The Chinese Embassy in Wasington was forced to pay between US$20-$80 to each of a large number of Chinese students to convince them to show up and welcome their own President, reports have revealed. Photos taken by Tibetan activists and posted by The Epoch Times (TET) show students receiving money from Chinese officials, and interviews with students by undercover journalists revealed that they had been paid to wave flags and chant slogans. One young man even claimed he was fearful of consequences for his family back in China, and only agreed to come to Washington so as not to displease the Chinese authorities.
It was established by TET journalists in phone conversations with Chinese Student and Scholar Associations (CSSA) that the Chinese government also paid the students' transportation and food costs, though officials kept this information secret, as they wanted the welcoming to seem natural and spontaneous. It is not clear if U.S. authorities actively cooperated in the farce or simply allowed it so that Hu's arrival would go smoothly.
Organising convincing welcome parties for their political envoys is obviously an important job for the Chinese authorities.
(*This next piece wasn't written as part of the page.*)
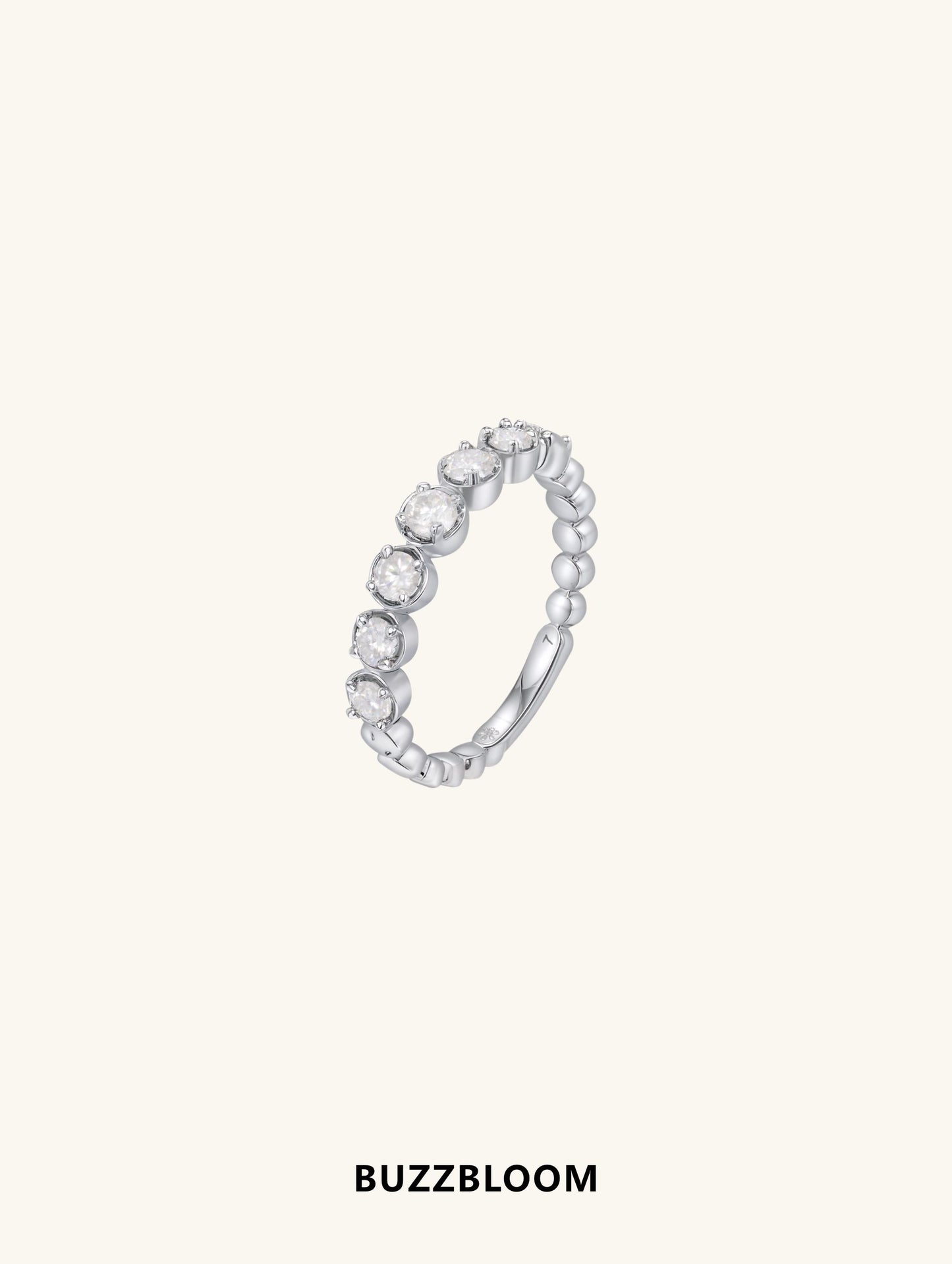 BuzzBloom Endless Allure eternity ring side view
Photos of a joyful and festive nature are needed as fuel for the Xinhua propoganda machine within China's borders, and photos of angry protesters holding placards and waving Tibetan flags would cause a great deal of embarrassment for the Chinese leader.
In a democratic country, however, you cannot control the views of the public nor prevent them from being expressed. As the bribed Chinese students put on their best false welcoming faces, the Tibetan activists who witnessed the transaction held up the incriminating photos, shouting "Shame! You were paid!" as a number of other protestors were shielded from the President's view.
The high profile of Hu's visit clearly made the Chinese Embassy nervous, knowing that on foreign soil they could not control public opinion as they can in China. They know well that Hu is largely seen outside of China as a communist dictator, albeit a slightly awkward and ridiculous one. Obama and Hu may have shaken hands, posed for lovely photos, and made a bold statement of cooperation to the world, but the people waiting voluntarily to greet the State visitor showed a far different reaction.
While Obama was cautious with his words on the subjects of Tibet and Taiwan and failed to engage with Hu on any real issue, the protesting public voiced their true opinions and opposition to China's continued human rights violations. It is not the first time a State visit from China has caused problems, for both American organisers and the Chinese Embassy, and it certainly won't be the last. After all, fooling 1.3 billion people is not an easy thing to do.